The following (using a modified version of this recipe) works for me:

from collections import OrderedDict, Callable

class DefaultOrderedDict(OrderedDict):
    # Source: http://stackoverflow.com/a/6190500/562769
    def __init__(self, default_factory=None, *a, **kw):
        if (default_factory is not None and
           not isinstance(default_factory, Callable)):
            raise TypeError('first argument must be callable')
        OrderedDict.__init__(self, *a, **kw)
        self.default_factory = default_factory

    def __getitem__(self, key):
        try:
            return OrderedDict.__getitem__(self, key)
        except KeyError:
            return self.__missing__(key)

    def __missing__(self, key):
        if self.default_factory is None:
            raise KeyError(key)
        self[key] = value = self.default_factory()
        return value

    def __reduce__(self):
        if self.default_factory is None:
            args = tuple()
        else:
            args = self.default_factory,
        return type(self), args, None, None, self.items()

    def copy(self):
        return self.__copy__()

    def __copy__(self):
        return type(self)(self.default_factory, self)

    def __deepcopy__(self, memo):
        import copy
        return type(self)(self.default_factory,
                          copy.deepcopy(self.items()))

    def __repr__(self):
        return 'OrderedDefaultDict(%s, %s)' % (self.default_factory,
                                               OrderedDict.__repr__(self))
Answered By: zeekay

Here’s another solution to think about if your use case is simple like mine and you don’t necessarily want to add the complexity of a DefaultOrderedDict class implementation to your code.

from collections import OrderedDict

keys = ['a', 'b', 'c']
items = [(key, None) for key in keys]
od = OrderedDict(items)

(None is my desired default value.)

Note that this solution won’t work if one of your requirements is to dynamically insert new keys with the default value.

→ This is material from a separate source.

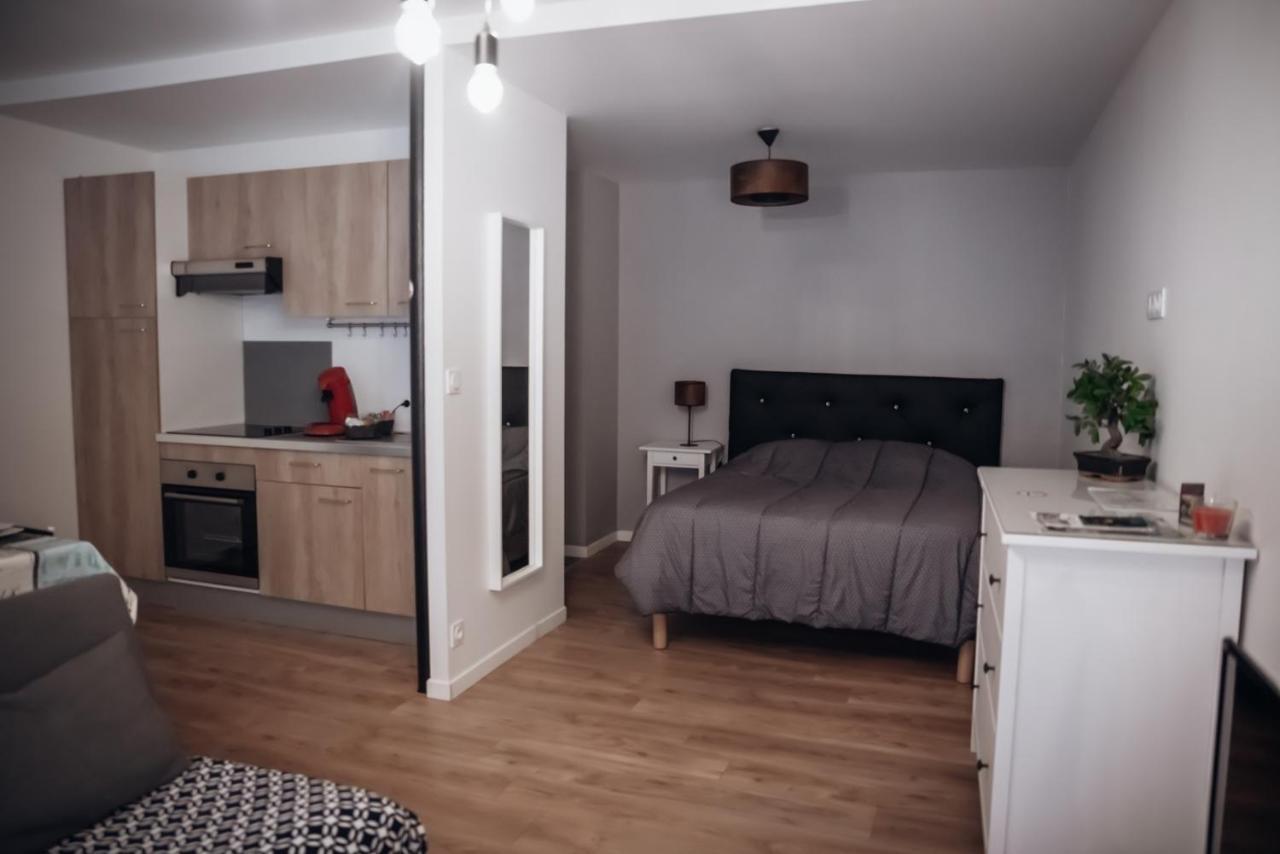 Cosy Et Moderne En Centre Ville, Fibre Haut Debit Ernee ภายนอก รูปภาพ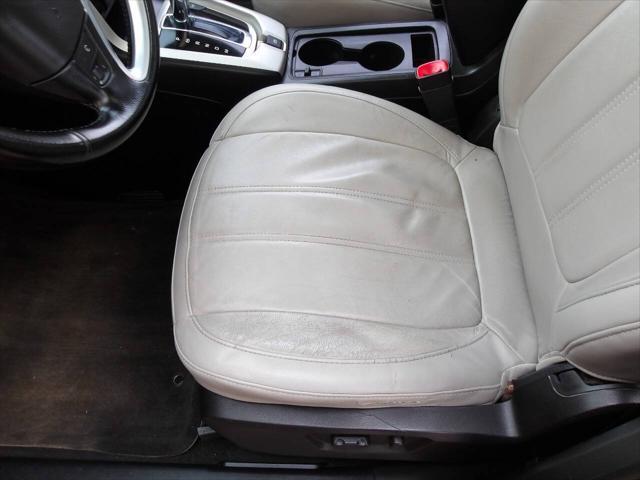 used 2014 Chevrolet Captiva Sport car, priced at $3,995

A tradeoff of simplicity.

Update 3/13/17 – I learned of a convenience function for this use case. Same as above but you can omit the line items = ... and just:

od = OrderedDict.fromkeys(keys)

Output:

OrderedDict([('a', None), ('b', None), ('c', None)])

And if your keys are single characters, you can just pass one string:

OrderedDict.fromkeys('abc')

This has the same output as the two examples above.

You can also pass a default value as the second arg to OrderedDict.fromkeys(...).

Answered By: Taylor D. Edmiston

Here is another possibility, inspired by Raymond Hettinger’s super() Considered Super, tested on Python 2.7.X and 3.4.X:

from collections import OrderedDict, defaultdict

class OrderedDefaultDict(OrderedDict, defaultdict):
    def __init__(self, default_factory=None, *args, **kwargs):
        #in python3 you can omit the args to super
        super(OrderedDefaultDict, self).__init__(*args, **kwargs)
        self.default_factory = default_factory

If you check out the class’s MRO (aka, help(OrderedDefaultDict)), you’ll see this:

class OrderedDefaultDict(collections.OrderedDict, collections.defaultdict)
 |  Method resolution order:
 |      OrderedDefaultDict
 |      collections.OrderedDict
 |      collections.defaultdict
 |      __builtin__.dict
 |      __builtin__.object

meaning that when an instance of OrderedDefaultDict is initialized, it defers to the OrderedDict‘s init, but this one in turn will call the defaultdict‘s methods before calling __builtin__.dict, which is precisely what we want.

Answered By: avyfain

A simpler version of @zeekay ‘s answer is:

from collections import OrderedDict

class OrderedDefaultListDict(OrderedDict): #name according to default
    def __missing__(self, key):
        self[key] = value = [] #change to whatever default you want
        return value
Answered By: Neck Beard

If you want a simple solution that doesn’t require a class, you can just use OrderedDict.setdefault(key, default=None) or OrderedDict.get(key, default=None). If you only get / set from a few places, say in a loop, you can easily just setdefault.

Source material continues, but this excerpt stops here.